In the end, Judge had a little more pop in his swing as he won the derby, 11-10, over Sano at Marlins Park. Judge tied Sano's final-round total of 10 with just over half of his four-minute round left. He quickly ended it with a homer to center field.
Judge did so many big things in the first half of the season for the Yankees that some people are calling him the face of baseball. Not bad for a rookie, who hit .179 (15-for-95) in 27 games in 2016.
He went into the All-Star break leading the big leagues with 30 homers. The last two players to go into the break with that many homers were Miguel Cabrera and Chris Davis in 2013.
Judge's 30 homers set the Yankee rookie record previously held by Hall of Famer Joe DiMaggio.
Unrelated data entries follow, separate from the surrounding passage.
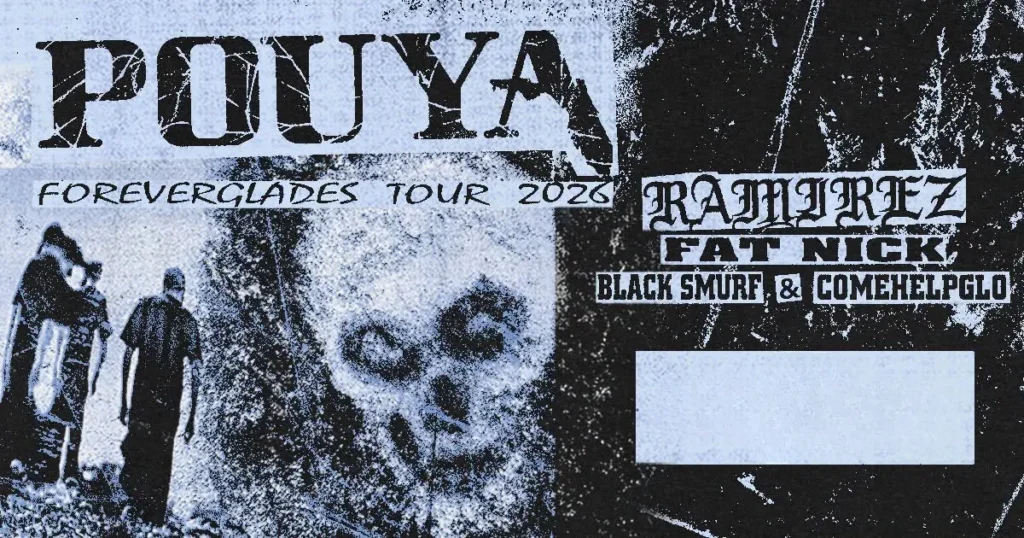 Pouya at The Fillmore Presented by Affinity Plus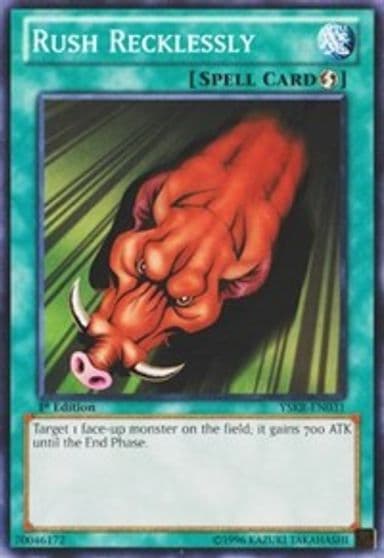 Rush Recklessly Starter Deck: Kaiba Reloaded Yu-Gi-Oh! card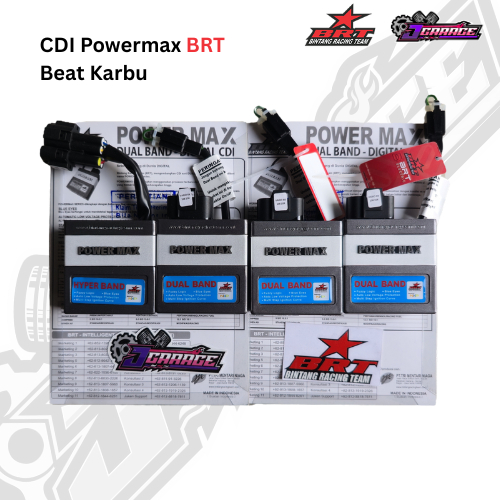 CDI BRT Powermax Beat Karbu - CDI Hyperband Dualband BRT - Beat Scoopy Spacy
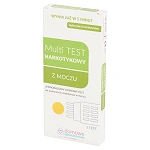 Multi test narkotykowy z moczu, 1 zestaw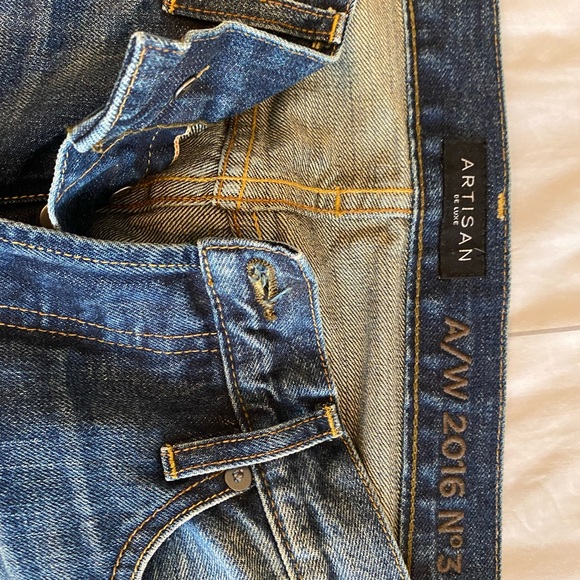 Artisan deluxe boyfriend jeans -size 26 - Picture 3 of 4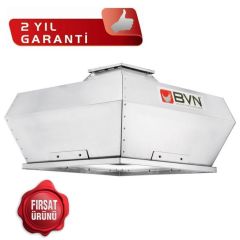 BRDV 500 T Dikey Atışlı Radyal Çatı Fanı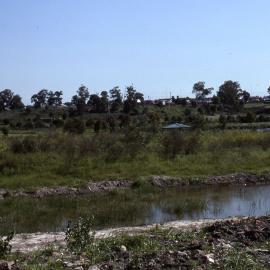 Freckled Duck enclosure site, Shortland Wetlands, NSW, March 1992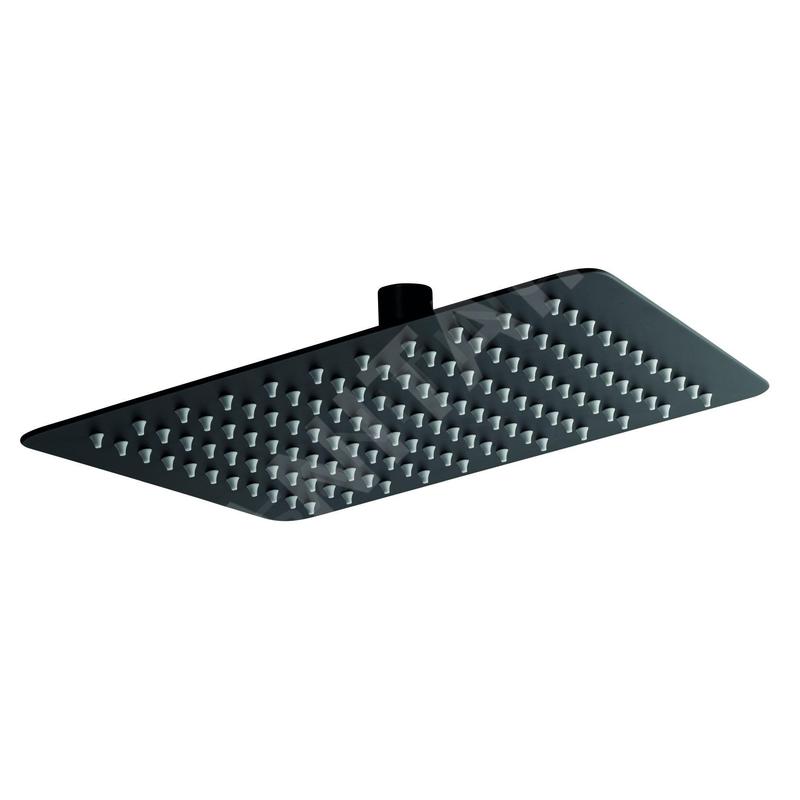 Novaservis Ferro - Douche de tête, 250x250 mm, noir mat RUP/251,5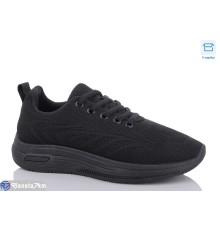 Кросівки жіночі на весну/осінь (8 пар р.36-41) чорний  "Normashoes"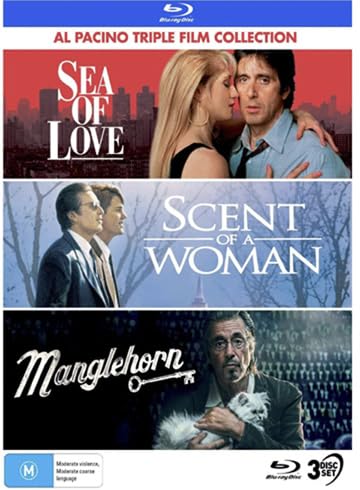Al Pacino Collection ( Sea of Love / Scent of a Woman / Manglehorn ) (Blu-Ray)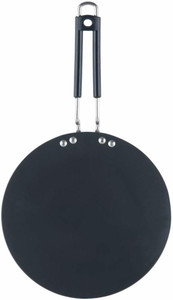 vinod black pearl hard anodised roti paratha  phulka tawa 28 cm diameter hard anodised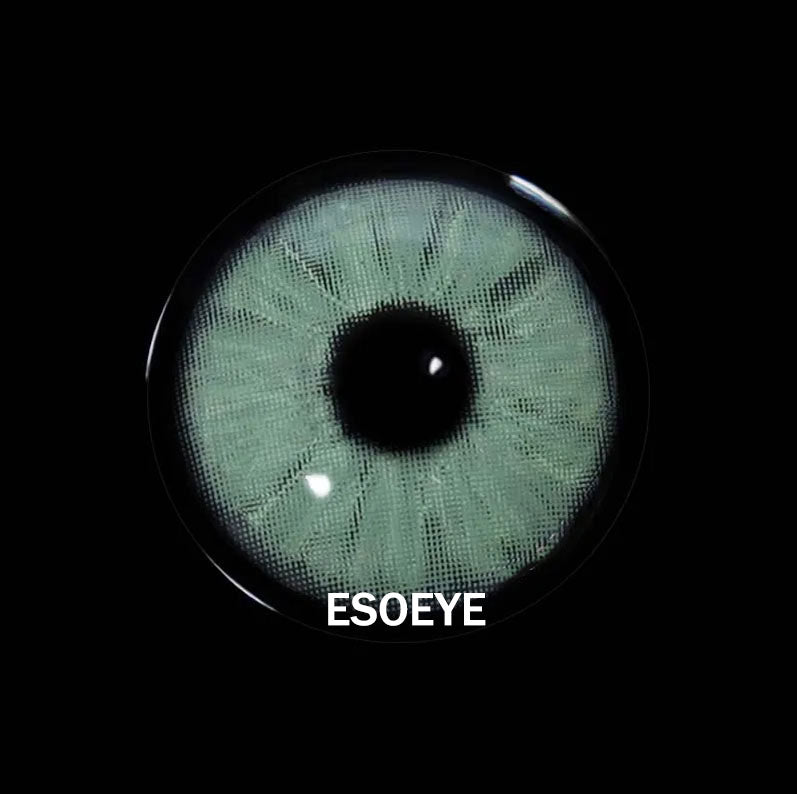 Meta Green Colored Contact Lenses Yearly – Esoeye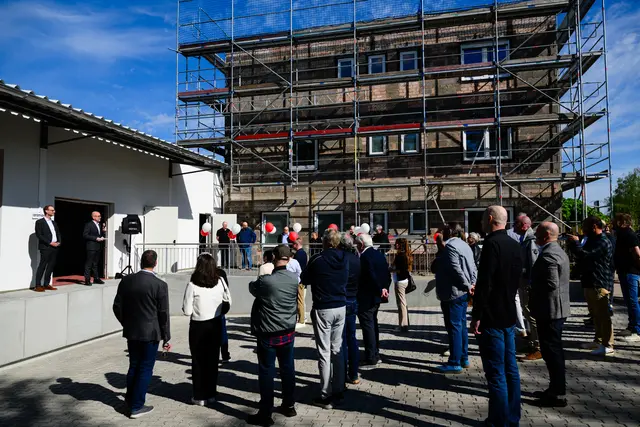 Neues Verteilzentrum von Aramark im Industriegebiet West: Von hier aus soll das Westpfalz-Klinikum mit Essen beliefert werden | Foto: Aramark/gratis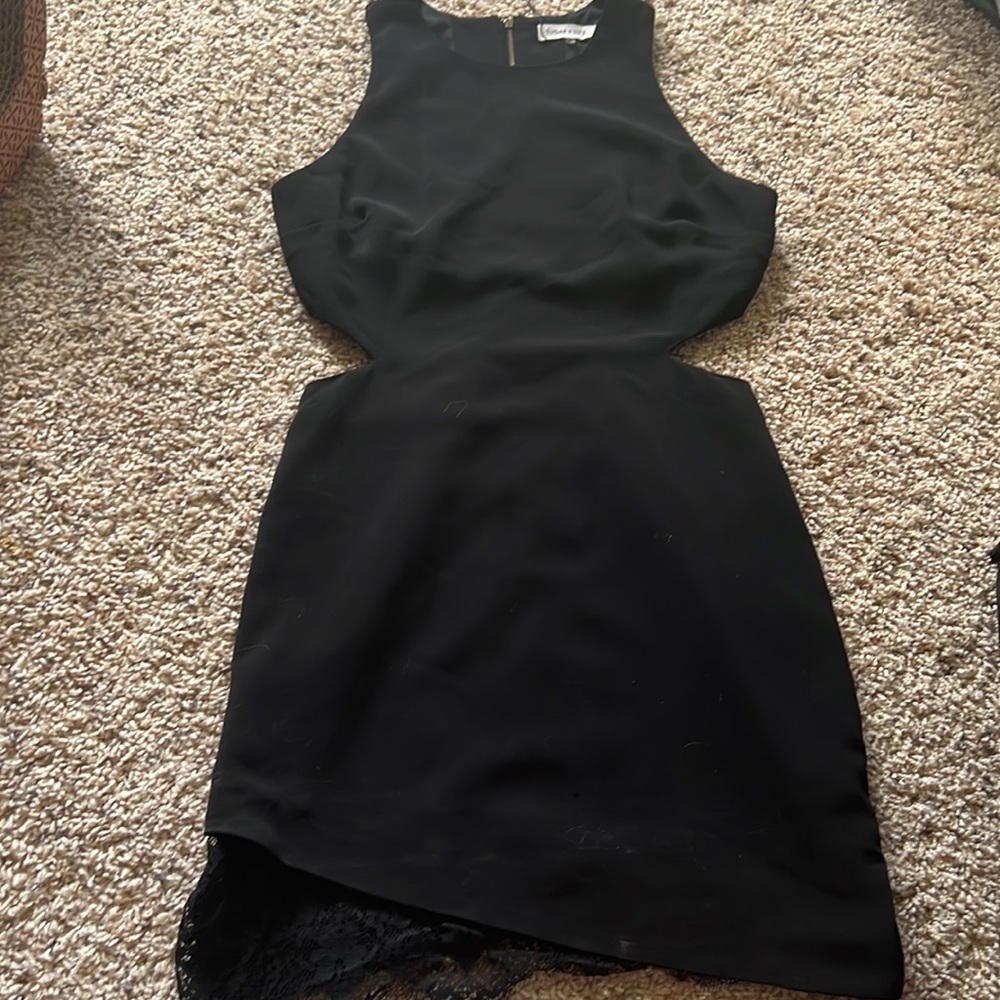 Black dress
Judge is the first Yankee aged 25 or younger to hit 30 homers in a season since Don Mattingly hit 31 in 1986.
"I changed a lot of things in my approach," said Judge, on Monday afternoon at the derby press conference, explaining the difference between 2016 and 2017. "A couple of things in my swing, making sure my barrel stays through the zone as long as possible, but mostly with my approach.
"My first year in the big league I would walk up there, the first pitch would go by and I'm wondering why I missed that pitch. All of a sudden it's 0-2 and before you know it I'm walking back to the dugout."
After the derby win Judge was asked if he has had time to contemplate what he's done in the first half of the season. He took a long time to answer and then said simply, "Not really. I try to take one day at a time."
The right-hand hitting Judge reached the finals by beating Corey Bellinger in an all-rookie semifinal. Judge out-homered Bellinger, 13-12. One of his homers was measured at 513 feet.
Indians shortstop Francisco Lindor had never seen Judge in person. He was impressed.
"That guy took over 100 swings and he didn't look tired," said Lindor.
Said Judge, "Adrenaline was pumping a little bit. I tried to use the whole field and square up every ball I could. Since there was a clock on, you can't really take pitches and pick one out. If it was away, I tried to drive it to right field. If it was in the middle, I tried to hit the glass out there (glass wall in center field)."
Bellinger joined the Dodgers on April 25 and shook the National League by hitting 25 homers in 70 games. Bellinger's 25 homers rank second in the NL.
Sano gained the finals by out-slugging Yankee catcher Gary Sanchez, 11-10, in the semifinals. Sano still had time on the clock when he hit his 11th homer to advance. Sano hit 21 homers in the first half for the Twins.
He was the first Minnesota player with at least 21 homers and 62 RBI at the break since Justin Morneau in 2009. Morneau had 21 homers and 70 RBI.
Sanchez came into the derby with 13 homers in the first half. As a rookie last year he hit 20 homers in 201 at-bats.
The biggest upset of the first round saw Sanchez edge Miami's Giancarlo Stanton, 17-16. Stanton, swinging in front of a hometown crowd, was the defending champion.
Sano, Judge and Bellinger emerged from the first round as well. Sano beat AL Central rival Mike Moustakas, 11-10. Judge beat Miami's Justin Bour in a slugfest, 23-22. Bellinger slipped past Colorado's Blackmon, 15-14.
Judge was he was nervous after Bour put 22 homers on the board.
"Once Justin put on that show, I just had to go to work," he said. "I was having fun out there and just had to go to work."